Thursday, June 09, 2005

Study on scientific misconduct

Issues in Scholarly Communication links to a study reported in the Chronicle of Higher Education that found that a third of respondents to a survey about scientific misconduct in the U.S. admitted to having "engaged in actions such as overlooking others' use of flawed data, failing to present data contradicting one's own work, and circumventing minor requirements of human-subject research."

The original article from Nature, entitled "One in three scientists confesses to having sinned" (written by Meredith Wadman), is available online (for how long, I don't know). It quotes Brian Martinson, who conducted the survey with colleagues at the HealthPartners Research Foundation, as saying that "'[t]he majority of misbehaviours reported to us are more corrosive than explosive,'" but also that they are still a serious matter.
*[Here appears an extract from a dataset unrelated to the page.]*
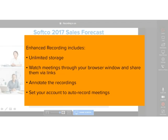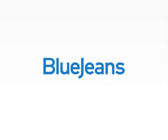Some of the features described in this tutorial are part of our Enhanced Recording Package, which is available as an add-on service. For more information, please visit our website at www.blujeans.com. Thank you.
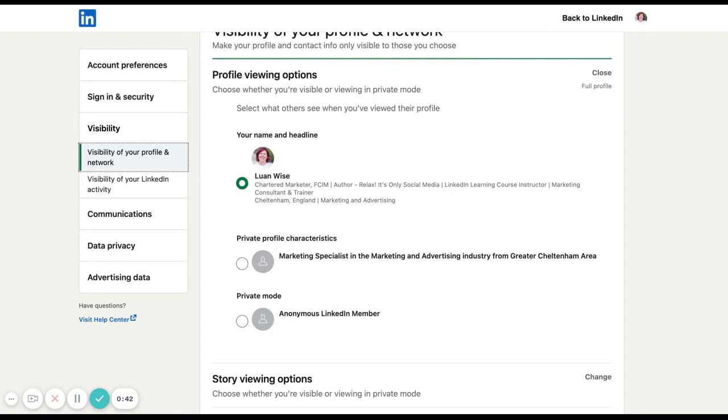This is useful, but just make sure you know it's there and which mode you're in, depending on what you're using LinkedIn for. I hope you found this top tip useful. There is more in this YouTube playlist. And if you've got any questions, then get in touch.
Martinson, according to Nature,
thinks the main cause of all the questionable behaviour is the increasing pressure that scientists are under as they compete to publish papers and win grants. "We need to think about the working conditions in science that can be addressed," he says, suggesting better salaries and employment conditions for young scientists, and a more transparent peer-review process.
The U.S. government, evidently, has a policy of only policing "fabrication, falsification and plagiarism" and does not concern itself with other types of misconduct like the ones mentioned above. The article concludes,
Martinson and his colleagues say their study is the first attempt to quantify such activities. They hope their results will persuade scientists to stop ignoring the wider range of misbehaviour.